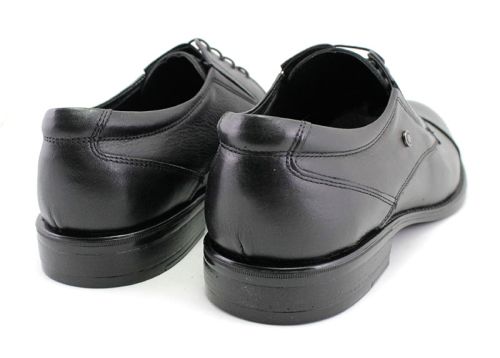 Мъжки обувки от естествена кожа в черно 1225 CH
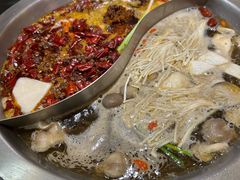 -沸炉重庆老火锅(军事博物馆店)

==

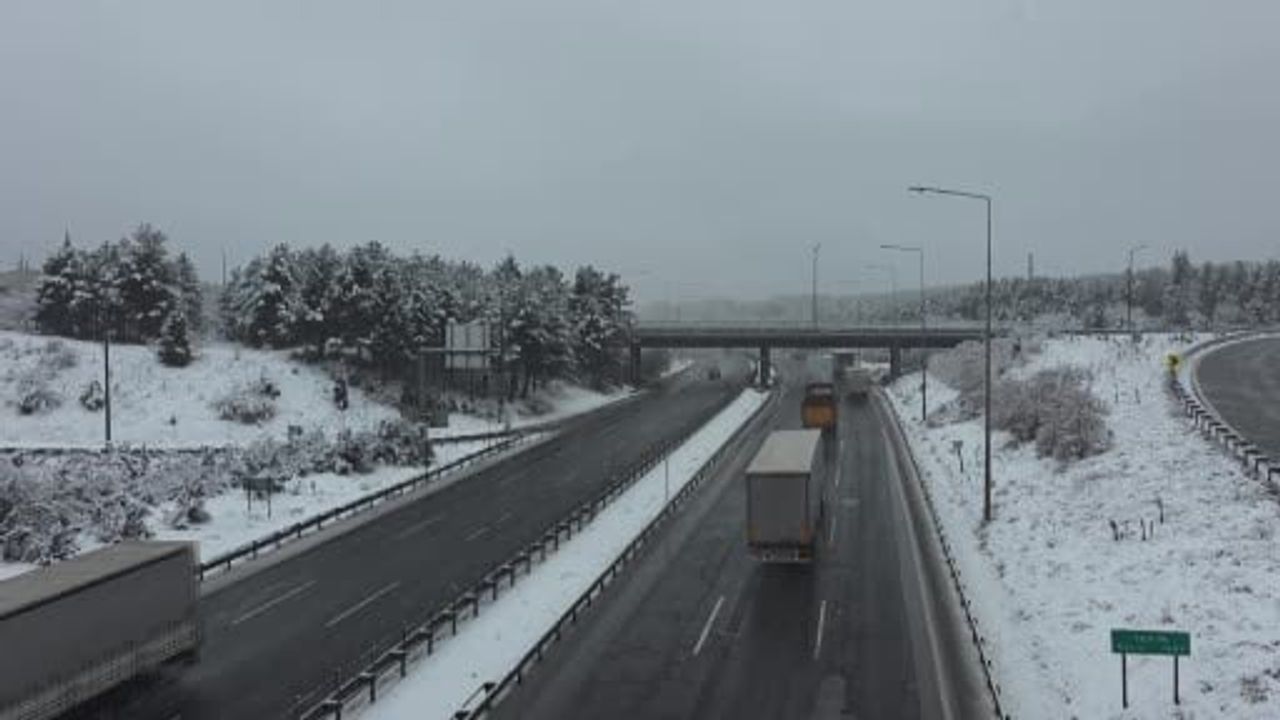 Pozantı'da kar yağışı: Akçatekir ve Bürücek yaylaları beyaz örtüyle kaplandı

...

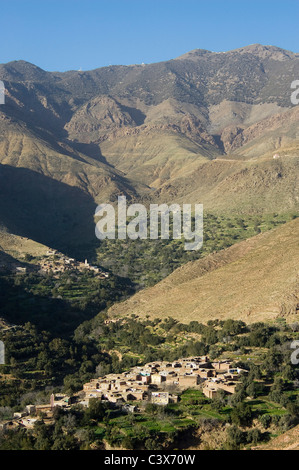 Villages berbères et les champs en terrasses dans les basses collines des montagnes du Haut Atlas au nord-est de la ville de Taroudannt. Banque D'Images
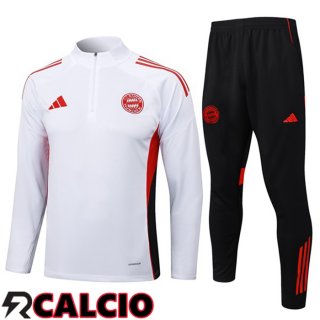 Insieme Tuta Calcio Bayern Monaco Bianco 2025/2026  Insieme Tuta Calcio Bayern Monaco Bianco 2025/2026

**THE PROBLEM**
From the records above, copy only the lines running from the line containing "Мъжки обувки от" to the line containing "-沸炉重庆老火锅(军事博物馆店)", both ends included. Leave the pictures out.

**WRITTEN REPLY**
 Мъжки обувки от естествена кожа в черно 1225 CH
 -沸炉重庆老火锅(军事博物馆店)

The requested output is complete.